In a nutshell, the solution of extended metadata has the following pieces:

  • ExtMetadata is an abstract base class representing extended metadata. Extended metadata objects are defined by their class name and a structured data object as payload.

  • ExtMetadata classes can be registered with LLVMContexts at context creation time (the set of classes is frozen the first time an extended metadata object is created). Registering a class means:

    • Defining a C++ subclass of ExtMetadata that can be serialized and deserialized to structured data

    • Receiving a numeric class ID that is used to hook the C++ subclass into LLVM’s custom RTTI system (isa<>, cast<>, etc.)

    • Being able to hook custom verification into the IR verifier

  • IR may contain extended metadata whose class (name) has not been registered with the LLVMContext. Such metadata is preserved as a black box using the GenericExtMetadata class. This situation can happen when IR is written out from (an intermediate stage of) a compiler built on LLVM that registers its own extended metadata classes, and this IR is then fed into generic tools like opt, llvm-reduce, llvm-dis, etc.

Use cases of extended metadata

I believe there would be some benefit to porting existing metadata uses in LLVM to this new infrastructure, e.g. AA metadata, for the reasons listed above (e.g. compile-time improvements). That said, my primary motivation for doing this work is in downstream compilers.

In our graphics shader compiler use case (LLPC), there is a lot of metadata specific to graphics APIs. One such example is rasterizer state, which is a collection of settings (typically bools or small integers) that tweak aspects of rasterizations that are conceptually fixed function (but that impact the shader compilation process in some way).

In the status quo, we are faced with an awkward choice:

  • either we represent this state entirely outside of IR, which breaks common workflows like lit testing because the state is missing from .ll files

  • or we represent it using MDTuples in some way, but the tuples are far from human readable and compile-time access to them is slow.

With extended metadata, we would be able to represent rasterizer state in human-readable form in .ll file along the lines of:

!lgc.rasterizer.state = !{!0}
    
!0 = !lgc.rasterizer.state {
  discardEnable: i1 true,
  perSampleShading: i1 false,
  rasterStream: i2 0,
  ...
}

And at compile time, this structure is represented by an lgc::RasterizerStateMetadata class that is derived from llvm::ExtMetadata and contains all these fields as plain C++ bools or integers, which results in code that is both easier to read and faster.

Use case: Extended instructions

This follows a similar approach as extended metadata at a high level to gain similar benefits in the definition of custom instructions:

  • Better readability than call instructions
  • Extensible by downstream users (unlike intrinsics)
  • More efficient compile-time representation of “immargs” (consider: the volatile bit of load is represented far more efficiently than the volatile bit of the memcpy intrinsic; extended instructions unlock the efficiency everywhere)

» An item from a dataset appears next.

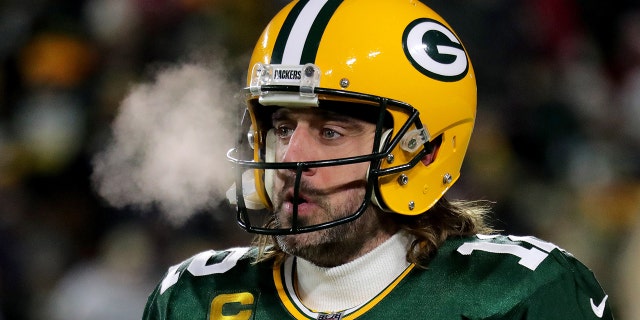 Jan 22, 2022; Green Bay, Wisconsin, USA; Green Bay Packers quarterback Aaron Rodgers (12) warms up before the Green Bay Packers divisional playoff game against the San Francisco 49ers at Lambeau Field.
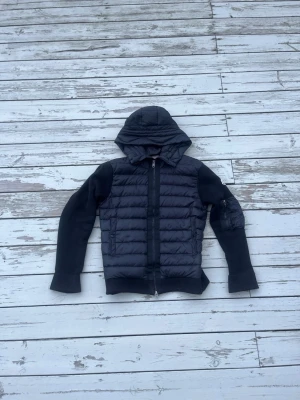 Svart Moncler cardigan - Snygg svart pufferjacka med huva och dragkedja framtill. Jackan har quiltade partier på framsidan och mjuka stickade ärmar och rygg. Perfekt för kyliga dagar när du vill ha både stil och komfort.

And the approach follows the broad strokes of extended metadata:

  • ExtInst abstract base class in the Instruction hierarchy conceptually holds all the information required by extended instructions: instruction name / opcode, operands, result type, attributes (in the call instruction sense, for side-effect modeling), structured data for additional constants

  • ExtInst subclasses / opcodes can be registered with LLVMContexts

  • GenericExtInst class generically represents extended instructions for which a subclass hasn’t been registered

Unlike for extended metadata, the benefits of extended instructions don’t lead entirely on structured data, but structured data is a large part of the value proposition.